- [Required work] Please retype the listing below word for word and exclude its images.

- [Collected material]

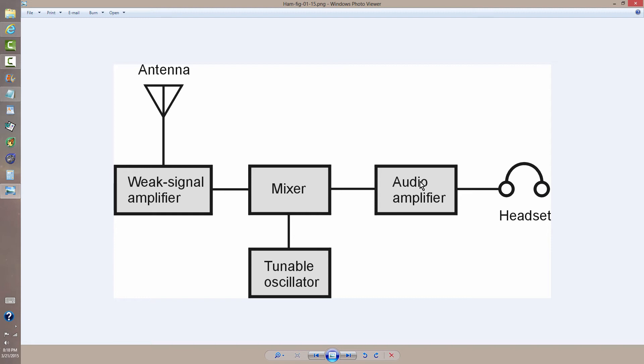In order to overcome that, you need to use a super heterodyne receiver with a filter in the RF section that gets rid of one of the sidebands from the result of mixing the incoming signal with that of the tunable oscillator.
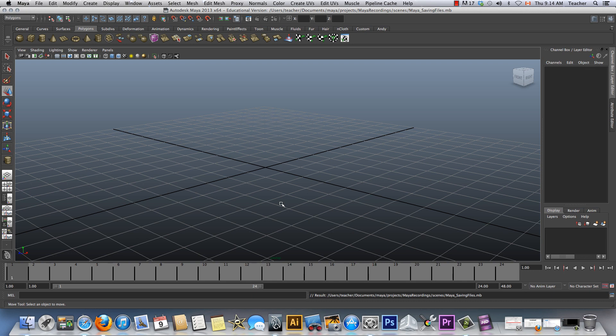All right guys, here we go, part two of getting into Maya. As you know, it's Mr. Bellin here helping you guys out. These are recorded for my grade 9 and my grade 10 students. Here we go.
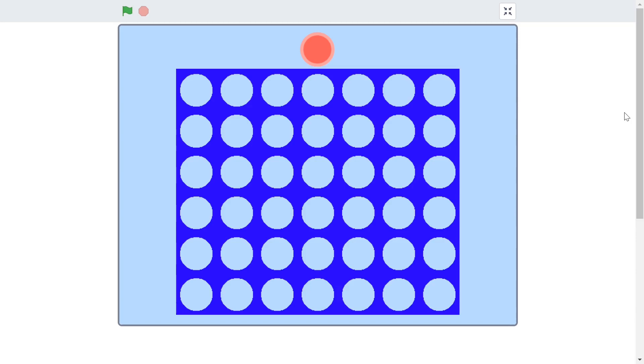What's up everyone, welcome back to Just Finished Coding. This is part one of our brand new Connect 4 series on Scratch 3, so let's get coding.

- [Answer]
In order to overcome that, you need to use a super heterodyne receiver with a filter in the RF section that gets rid of one of the sidebands from the result of mixing the incoming signal with that of the tunable oscillator.
All right guys, here we go, part two of getting into Maya. As you know, it's Mr. Bellin here helping you guys out. These are recorded for my grade 9 and my grade 10 students. Here we go.
What's up everyone, welcome back to Just Finished Coding. This is part one of our brand new Connect 4 series on Scratch 3, so let's get coding.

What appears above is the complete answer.